*DIRECTIONS:*
Would you please copy each line of the data in which the string "Customize" occurs?
BEGIN
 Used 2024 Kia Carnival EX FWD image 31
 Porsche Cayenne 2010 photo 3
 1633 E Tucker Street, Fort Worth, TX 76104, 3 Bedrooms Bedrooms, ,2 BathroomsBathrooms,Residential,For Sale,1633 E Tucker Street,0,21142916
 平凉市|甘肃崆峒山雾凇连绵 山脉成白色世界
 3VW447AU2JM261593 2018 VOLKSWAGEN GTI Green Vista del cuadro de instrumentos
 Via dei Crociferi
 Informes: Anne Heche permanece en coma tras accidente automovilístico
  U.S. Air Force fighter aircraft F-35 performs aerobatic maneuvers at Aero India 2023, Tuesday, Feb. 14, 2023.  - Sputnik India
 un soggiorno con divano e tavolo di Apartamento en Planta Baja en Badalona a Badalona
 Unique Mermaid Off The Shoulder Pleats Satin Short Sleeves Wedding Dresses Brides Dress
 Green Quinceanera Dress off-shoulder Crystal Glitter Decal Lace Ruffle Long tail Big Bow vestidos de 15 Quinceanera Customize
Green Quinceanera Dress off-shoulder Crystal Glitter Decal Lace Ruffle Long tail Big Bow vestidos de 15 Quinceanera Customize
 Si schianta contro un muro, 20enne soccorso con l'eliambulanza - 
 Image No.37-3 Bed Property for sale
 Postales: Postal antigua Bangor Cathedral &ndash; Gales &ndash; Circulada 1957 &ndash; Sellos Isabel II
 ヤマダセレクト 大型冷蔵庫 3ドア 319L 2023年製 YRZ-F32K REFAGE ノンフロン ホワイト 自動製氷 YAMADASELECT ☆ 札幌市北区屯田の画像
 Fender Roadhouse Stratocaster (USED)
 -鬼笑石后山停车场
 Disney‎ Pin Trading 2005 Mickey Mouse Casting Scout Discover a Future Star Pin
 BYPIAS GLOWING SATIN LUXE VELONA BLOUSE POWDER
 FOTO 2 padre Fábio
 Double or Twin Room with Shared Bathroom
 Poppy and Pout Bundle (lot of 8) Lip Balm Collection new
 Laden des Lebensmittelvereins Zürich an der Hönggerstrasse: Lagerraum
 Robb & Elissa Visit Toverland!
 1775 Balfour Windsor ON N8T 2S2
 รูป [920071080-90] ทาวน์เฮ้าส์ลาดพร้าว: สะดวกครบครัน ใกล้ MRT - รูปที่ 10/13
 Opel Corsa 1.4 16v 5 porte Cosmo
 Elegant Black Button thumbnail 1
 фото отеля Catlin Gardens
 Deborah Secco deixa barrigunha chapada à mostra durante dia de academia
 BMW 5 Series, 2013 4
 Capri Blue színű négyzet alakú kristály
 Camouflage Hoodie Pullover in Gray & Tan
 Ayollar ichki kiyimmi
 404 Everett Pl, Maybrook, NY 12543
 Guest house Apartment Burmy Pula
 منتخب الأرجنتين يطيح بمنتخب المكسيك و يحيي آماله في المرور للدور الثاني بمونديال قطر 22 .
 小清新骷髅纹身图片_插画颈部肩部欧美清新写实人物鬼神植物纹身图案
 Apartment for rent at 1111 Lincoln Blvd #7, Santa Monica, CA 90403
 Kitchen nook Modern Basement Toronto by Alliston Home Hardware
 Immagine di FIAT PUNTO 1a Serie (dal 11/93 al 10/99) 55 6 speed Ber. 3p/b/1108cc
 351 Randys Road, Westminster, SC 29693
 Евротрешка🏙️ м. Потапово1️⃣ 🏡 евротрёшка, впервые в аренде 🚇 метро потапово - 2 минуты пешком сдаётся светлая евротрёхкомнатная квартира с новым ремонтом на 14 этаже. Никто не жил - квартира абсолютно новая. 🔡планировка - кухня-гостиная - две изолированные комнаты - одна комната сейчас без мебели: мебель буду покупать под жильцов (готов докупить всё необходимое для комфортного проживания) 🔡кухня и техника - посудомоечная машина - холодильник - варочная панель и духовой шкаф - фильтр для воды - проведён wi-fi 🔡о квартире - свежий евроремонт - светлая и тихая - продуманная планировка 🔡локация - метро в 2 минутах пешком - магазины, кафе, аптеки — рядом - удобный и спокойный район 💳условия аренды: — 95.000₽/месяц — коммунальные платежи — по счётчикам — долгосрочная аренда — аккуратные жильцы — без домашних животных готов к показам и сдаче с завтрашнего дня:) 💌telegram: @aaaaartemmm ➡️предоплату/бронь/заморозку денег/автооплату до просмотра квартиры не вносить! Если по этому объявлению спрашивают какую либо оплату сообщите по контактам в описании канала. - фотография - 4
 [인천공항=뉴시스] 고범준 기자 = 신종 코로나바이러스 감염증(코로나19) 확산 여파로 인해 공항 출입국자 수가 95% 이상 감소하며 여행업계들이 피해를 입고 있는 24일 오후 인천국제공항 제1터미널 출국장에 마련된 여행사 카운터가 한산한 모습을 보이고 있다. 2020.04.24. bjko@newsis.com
END
*YOUR RESPONSE:*
 Green Quinceanera Dress off-shoulder Crystal Glitter Decal Lace Ruffle Long tail Big Bow vestidos de 15 Quinceanera Customize
Green Quinceanera Dress off-shoulder Crystal Glitter Decal Lace Ruffle Long tail Big Bow vestidos de 15 Quinceanera Customize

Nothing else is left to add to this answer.